N-Gram

What it is

An n-gram is a contiguous sequence of n items drawn from a stream of text. The items are most commonly words (word n-grams) or characters (character n-grams), and n is a small positive integer. A sequence of two items is a bigram, three items a trigram, and one item a unigram. For n ≥ 4 the terms “4-gram”, “5-gram”, and so on are standard.

N-grams are one of the oldest and most broadly applied primitives in NLP. The same mechanism — slide a window of width n across a sequence and emit each window’s contents — underpins language model probability estimation, full-text index construction, spelling correction, document similarity, and plagiarism detection.

How it works

Given a token sequence, a window of width n slides one position at a time from left to right. At each position, the n tokens currently inside the window form one n-gram. A sequence of L tokens produces L − n + 1 n-grams (assuming no padding).

For character n-grams, the same logic applies at the character level rather than the word level.
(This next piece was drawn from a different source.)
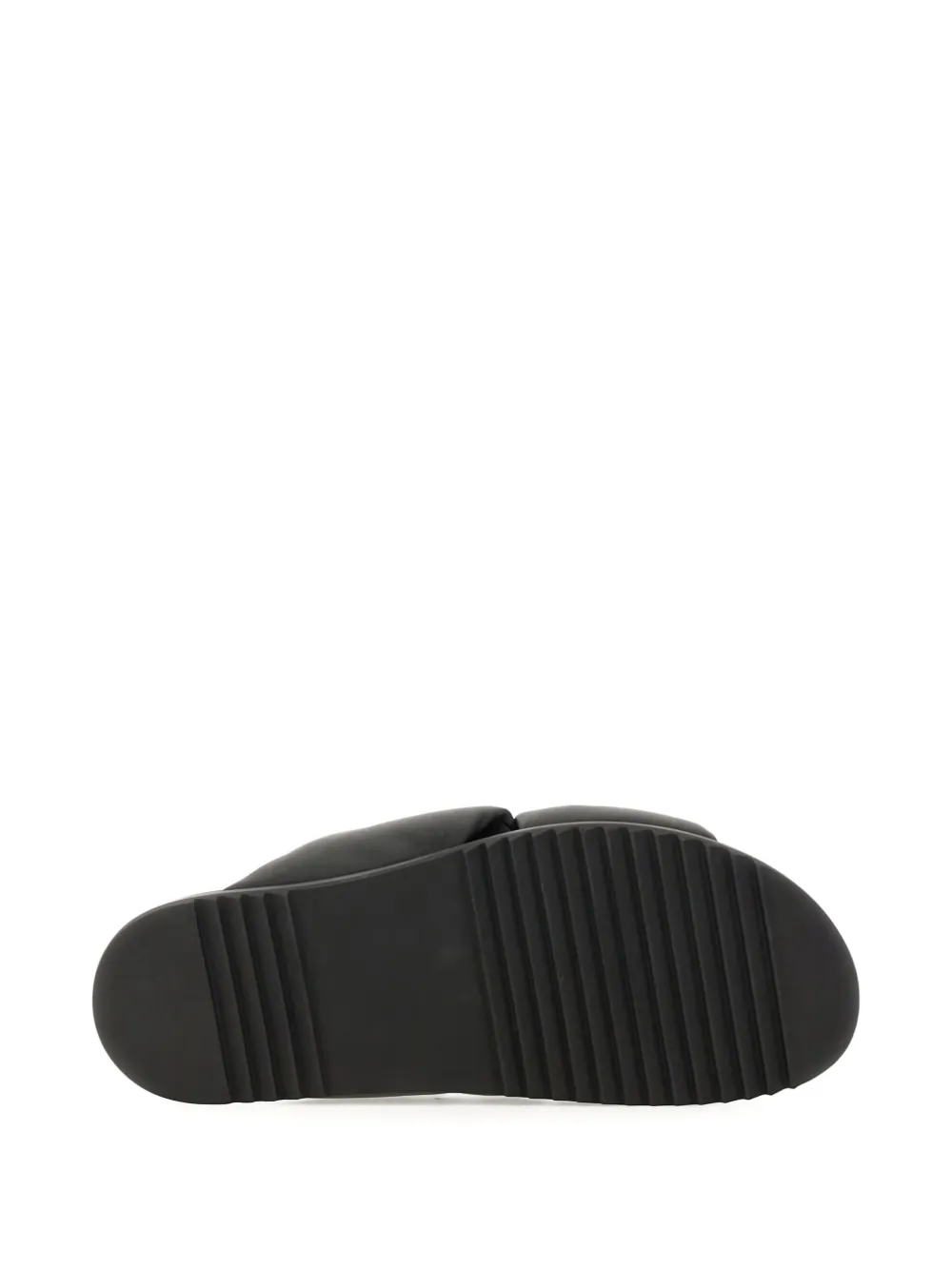 Rick Owens padded sandals Black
The string "fox" with n = 2 produces: fo, ox.

The mechanics in Python:

def ngrams(tokens: list[str], n: int) -> list[tuple[str, ...]]:
    return [tuple(tokens[i : i + n]) for i in range(len(tokens) - n + 1)]

tokens = ["the", "quick", "brown", "fox"]
print(ngrams(tokens, 2))
# [('the', 'quick'), ('quick', 'brown'), ('brown', 'fox')]
print(ngrams(tokens, 3))
# [('the', 'quick', 'brown'), ('quick', 'brown', 'fox')]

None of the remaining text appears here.